Разве трусам даны эти руки,
Этот острый, уверенный взгляд,
Что умеет на вражьи фелуки
Неожиданно бросить фрегат,
Меткой пулей, острогой железной
Настигать исполинских китов
И приметить в ночи многозвездной
Охранительный свет маяков?
1908
Наш ответ "Пьяному кораблю", к чему прямо подталкивала концовка Рембо: "Надоели торговые чванные флаги / И на каторжных страшных понтонах огни". (Перевод Павла Антокольского; позже я прочел полдюжины других, не хуже, а может, и лучше, но баллада Рембо так и осталась для меня в этой версии: козыри юношеского чтения, врезающегося навсегда.)
Конечно, в "Капитанах" — ни философичности, ни размаха "Пьяного корабля", но помещались они все-таки в этот ряд. Не в геологическую же, таежно-дорожную бардовскую романтику — в сущности, единственную тогда, в 70-е, кроме предписанной комсомольско-революционной. Гумилев делался противовесом и вызовом гитарному запаху тайги и солнышку лесному. Господи, все же очень серьезно: "Помпей у пиратов", полундра!
Абиссиния, Мадагаскар, Египет, Китай, Лаос, Византия, Исландия викингов, Флоренция Кватроченто, Древний Рим... Чем дальше вдаль и вглубь — тем эффектнее. Неслыханные имена, неведомые земли. "Агра" рифмуется с "онагром" — это кто такие? В прозе Гумилев другой. "Африканская охота" — деловита, суховата, точна. А та же Африка в стихах — чужая абстракция, прихотливая и непонятная, как пятна на леопардовой шкуре: "Абиссинец поет, и рыдает багана, / Воскрешая минувшее, полное чар; / Было время, когда перед озером Тана / Королевской столицей взносился Гондар". Сгущение экзотики — бешеное, почти пародийное.

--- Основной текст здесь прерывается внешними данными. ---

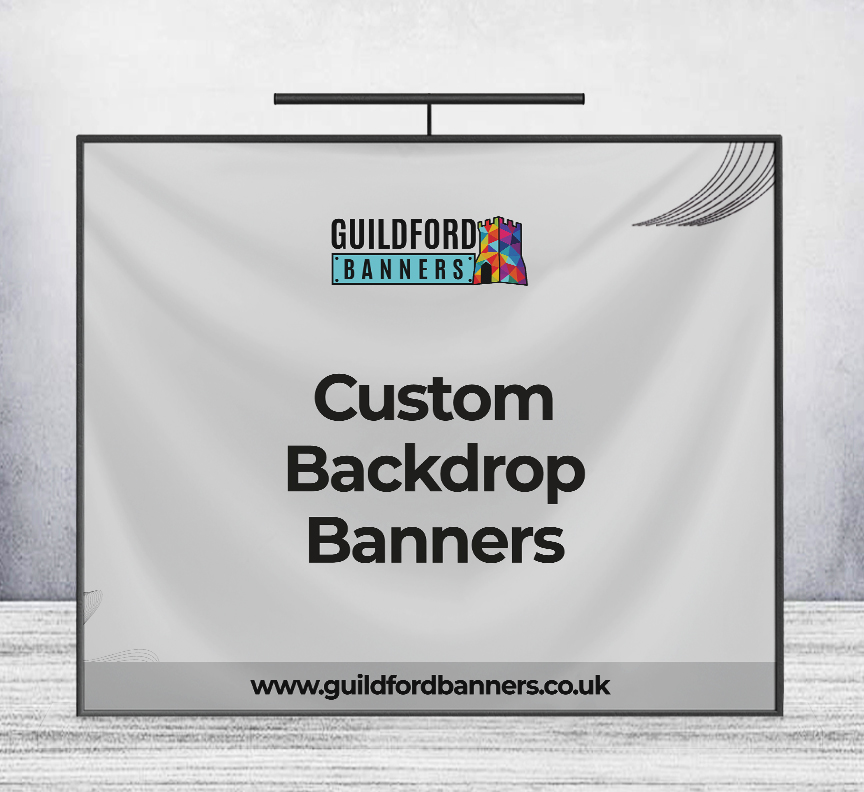 Custom Backdrop Banners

Пародии и возникали. Только любителям известна африканская поэма Гумилева "Мик", написанная размером "Мцыри" ("Ты слушать исповедь мою / Сюда пришел, благодарю") и невольно юмористически перепевающая Лермонтова: "Угрюмо слушал павиан / О мальчике из дальних стран, / Что хочет, свой покинув дом, / Стать обезьяньим королем". Но все знают "Крокодила" Чуковского, который уже впрямую насмешничал над Гумилевым: "И встал печальный Крокодил / И медленно заговорил: / "Узнайте, милые друзья, / Потрясена душа моя. / Я столько горя видел там, / Что даже ты, Гиппопотам, / И то завыл бы, как щенок, / Когда б его увидеть мог".
Меня в молодости экзотический перебор не смущал ничуть, только радовал: этого и не хватало. Позже я научился различать за аграми-онаграми другой голос, но уж очень редко он слышен. Орнаментальность и легковесность ощущалась и тогда, в период молодого захлеба Помпеем у пиратов, но гумилевский орнамент был ослепительно ярок, не чета худосочному монохрому бардов. И еще: окружающие романтики, так или иначе, хранили верность завету "возьмемся за руки, друзья". У Гумилева ничего вместе со всеми, у него романтизм настоящий — то есть сугубо индивидуалистический. Иглой по карте, тростью по ботфортам, брабантской манжетой по трепещущей душе — взявшись за руки, не получится.
Последний раз в своей жизни он намечал дерзостный путь по карте разорванной России в 1921 году. По свидетельству С.Познера, отца младшего из "серапионовых братьев" и двоюродного деда телезвезды, Гумилев говорил: "Вот наступит лето, возьму в руки палку, мешок за плечи и уйду за границу, как-нибудь проберусь". Лето пришло и почти уже кончилось, когда 25 августа Николая Гумилева расстреляли.